|Picture by Joan Hall, Creative Commons|
When I was first planning my magenta border, I knew that I would have to have some asters to finish off the season. There are a lot of good ones out there, and one in particular, aster novae-angliae 'Andenken an Alma Pötschke' sounded great. Both Sarah Raven and Christopher Lloyd described it as 'magenta'. Nobody else did, but then people tend to shy off that particular word. Everyone agreed it was a great plant. Fall rolled round, and the asters began to flower. Alma flowered, and she looked fine. Magenta, however, she was not. At the time I found it mildly disturbing, because I couldn't think how to describe the colour it actually was. All I knew was that it looked wrong.
Later, I would read Allan Lacy, who described it as "vivid, saturated cerise". Which, once I figured out what cerise was, seemed pretty accurate. Alma has a a very intense colour. Sequim Rare Plants, however, get the prize: they called it "vivid watermelon pink".
You can see why it had to go. It's not actually a salmon-pink, whatever the RHS says, but it looked like it surrounded by purples and pinks and magentas. It looked strange. It's such a contradictory colour that Graham Stuart Thomas described it as "cerise-scarlet", two colours which straddle the blue - orange divide in the red zone.

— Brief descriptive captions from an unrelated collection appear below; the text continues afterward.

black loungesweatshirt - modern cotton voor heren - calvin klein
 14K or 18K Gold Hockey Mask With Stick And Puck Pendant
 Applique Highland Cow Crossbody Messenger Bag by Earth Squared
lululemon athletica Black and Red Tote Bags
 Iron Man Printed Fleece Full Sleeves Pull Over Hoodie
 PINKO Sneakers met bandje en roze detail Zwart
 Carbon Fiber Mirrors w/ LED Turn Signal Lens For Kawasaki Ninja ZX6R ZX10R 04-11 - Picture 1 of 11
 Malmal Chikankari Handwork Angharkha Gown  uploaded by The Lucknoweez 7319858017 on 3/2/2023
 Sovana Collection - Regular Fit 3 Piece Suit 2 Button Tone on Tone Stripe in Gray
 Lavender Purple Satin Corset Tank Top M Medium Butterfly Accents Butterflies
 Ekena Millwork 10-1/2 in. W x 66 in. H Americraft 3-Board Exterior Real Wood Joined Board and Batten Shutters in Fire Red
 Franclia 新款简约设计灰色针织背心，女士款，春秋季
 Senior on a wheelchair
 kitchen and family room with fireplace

It's funny how even now that vivid colours have come back in, I had a hard time finding out which flowers were actually magenta-coloured. I find it ironic that I should be complaining about a plant being labeled as magenta. But if you're not colour-theming your garden, I can recommend Alma: it has great flowers, it's got striking colour, and it keeps its leaves, unlike a lot of asters. But it's not magenta.